We can expect further sophisticated attacks that leverage insecure IoT devices in the coming months and years. A world's leading research and advisory company placed security at the top of its list of top 10 IoT technologies for 2018. IoT security will be complicated by the fact that many 'things'use simple processors and operating systems that may not support sophisticated security approaches.

It’s also complicated as simple things connect to become a vast network that reaches everywhere. According to a report released by a premier research company,
• IoT security requires an end-to-end approach
• Encryption is an absolute must
• IoT security scenarios place a premium on scalability
• Security analytics will play a significant role in IoT security solutions
• IoT standards are important catalysts but still need time to mature

Based on analysis of several research papers and industry adoption,IoT security can broadly outlined into following key domains –

• IoT Network Security: Protecting and securing the network connecting IoT devices to back-end systems on the internet.

• IoT Authentication: Providing the ability for users to authenticate an IoT device, including managing multiple users of a single device(such as a connected car), ranging from simple static password/pins to more robust authentication mechanisms such as two-factor authentication, digital certificates and biometrics.

• IoT Encryption: Encrypting data at rest and in transit between IoT edge devices and back-end systems

• IoT PKI: Providing complete X.509 digital certificate and cryptographic key and life-cycle capabilities, including public /private key generation, distribution, management, and revocation.

• IoT Security Analytics: Collecting, aggregating, monitoring,and normalizing data from IoT devices and providing actionable reporting and alerting on specific activities or when activities fall outside established policies.

• IoT API Security: Providing the ability to authenticate and authorize data movement between IoT devices, back-end systems,and applications using documented REST-based APIs.

The continued evolution of IoT-specific security threats will undoubtedly drive innovation in this space; so expect newer IoT-specific security technologies to appear in the creation phase in the near future, many of which may align around vertical and industry-specific use cases such as connected medical devices or industrial applications.

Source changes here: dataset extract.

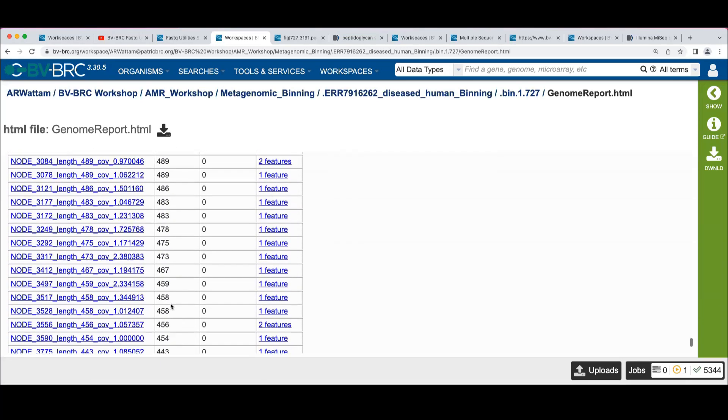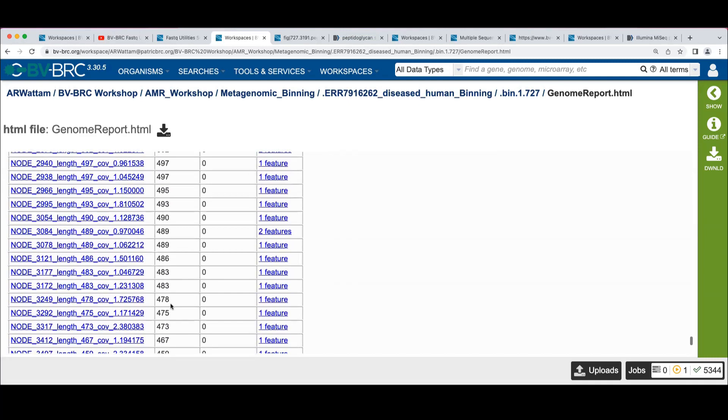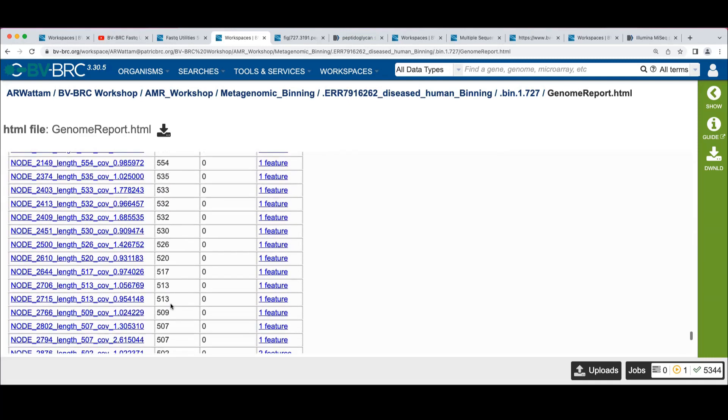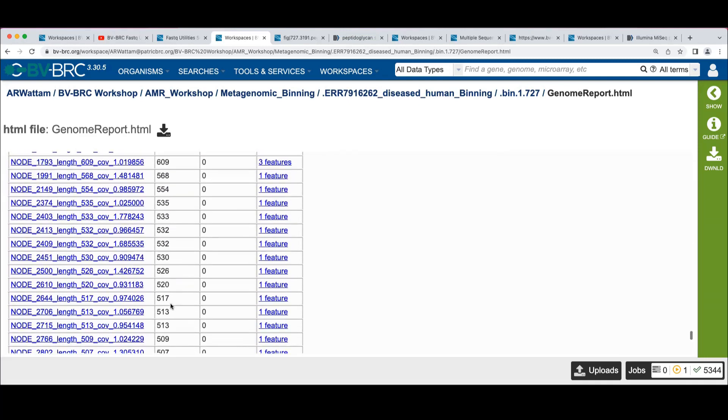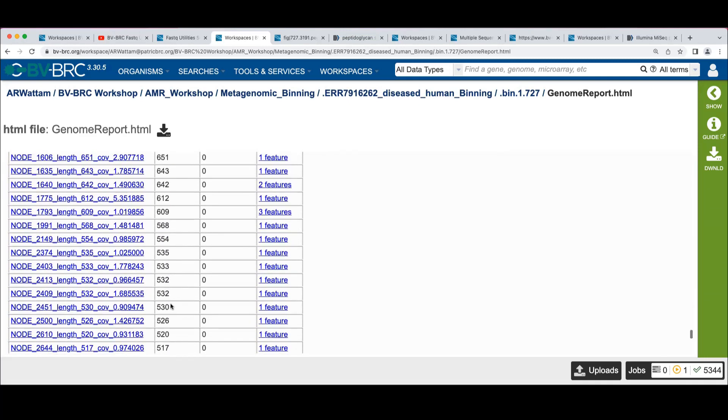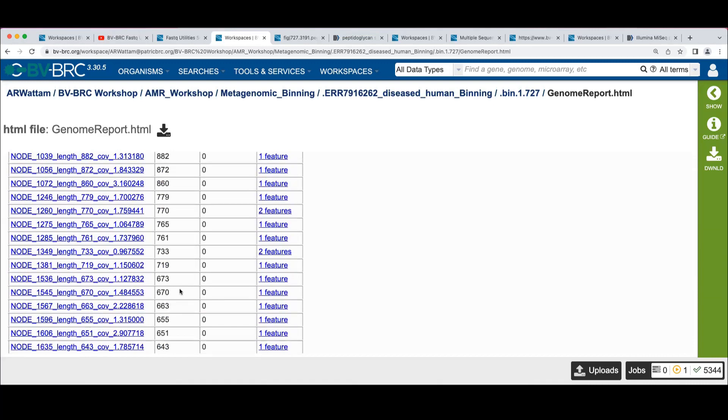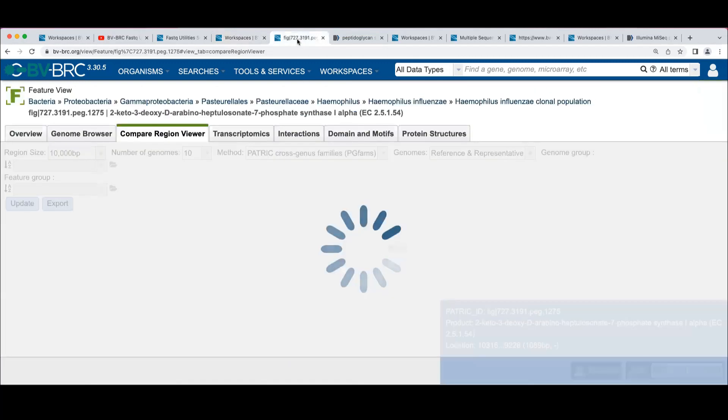So these guys may all be a little bit questionable, right? These are all 400 base pair contigs, which isn't really long enough to do much of anything. Things to contemplate while you're looking at the data.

While cyber security is well understood amongst computing professionals, the attraction of IoT is drawing interest from new comers from all quarters who are significantly less familiar with contemporary best practices or even the full implications of a breach. An insecure IoT product may not be the ultimate target but could provide the pivot point for an attack else where in the system. Cyber security is also a moveable feast; what is deemed secure today may not be so tomorrow. We can expect more of the same to apply as IoT applications emerge and mature. While ultimate security will likely remain elusive, we have to do all we can to add depth in our defenses and make it ever harder for adversaries to succeed in their nefarious endeavors. It’s imperative for today’s digital businesses to balance the business benefits that IoT - connected products can deliver with the recognition that these same devices have become an attractive attack plane for hackers and cybercriminals seeking to cause disruption and exfiltration of sensitive data.